Fast forward 10 years later - I suppose we could spend a load of cash on a night nurse at the expense of a year of college for one in our brood. My friends and neighbors created urgency around their recommendations by assuring me to book them in advance to guarantee their availability. One neighbor even revealed that she flew her baby nurse out from New York to live with the family for the first twelve weeks!
No doubt, everyone has their own very legitimate reasons for what aspects of childrearing, housekeeping, etc... they choose to outsource according to their means. They may not have family nearby, other young children in the house, or they may be working parents without flexibility in their schedules. Maybe they are even sitting on loads of cash.
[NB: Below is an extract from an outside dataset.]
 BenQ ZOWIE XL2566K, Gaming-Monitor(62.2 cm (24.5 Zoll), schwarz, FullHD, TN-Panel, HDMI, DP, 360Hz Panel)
But my husband and I scratched our heads for a while over whether we needed a night nurse for our twins...Is a night nurse the Tesla of newborn care? Or is it a necessity for those who can afford it? Did these people know something about newborn twins that we didn't? Would our constitutions be so different 10 years later, that we ought not disturb our sleep repeatedly? I began to scratch the surface a little more with friends and neighbors and here are some of the reasons they gave:
"I'm just not a very happy person, when I'm not getting enough sleep."
"When I was so sleep-deprived that I dropped my baby, I knew I needed one."
The truth is, if you are breastfeeding, a night nurse isn't going to save you that much sleep. She may diaper your babies and put them back down, but you are still feeding them. And if that's the case, isn't she just a stand-in for your husband? I'm sure that night nurses have unique value propositions I haven't listed here and may not be aware of.
But what I actually uncovered was that many of my friends' and neighbors' husbands were sleeping soundly in a guest bedroom undisturbed by newborn care while the wife (OR night nurse) were left to take care of the baby(ies). That may very well be a necessity, prescribed by society's woefully insufficient paternity leave benefits. (Although in several cases, the husbands in question had professions at least as flexible as my husband's.)
I am lucky to have a husband who is a professor and on sabbatical, so his help has been invaluable - particularly with twins. While we don't have an extra square foot to spare for guests in our house, he's never considered allowing me to go the nights alone. At 3 am, we crack our best jokes and get our day's dosage of silliness in. At 4 am, when we are headed back to sleep we nuzzle against each other, express our appreciation of the other, and make empty promises about future intimate moments we'll have when we catch up on our sleep.
I get the night nurse thing now. It is certainly for people of means, people who have an excess of cash who'd rather not spend it on something else. It's also for couples who don't have the same 50/50 bargain my husband and I do. After 17 years together, we shouldn't have doubted what we knew instinctively. Having additional children was something we worked at for years, we weren't about to outsource the early months.
What has your experience been with night nurses? What factors contributed to either hiring or not hiring a night nurse?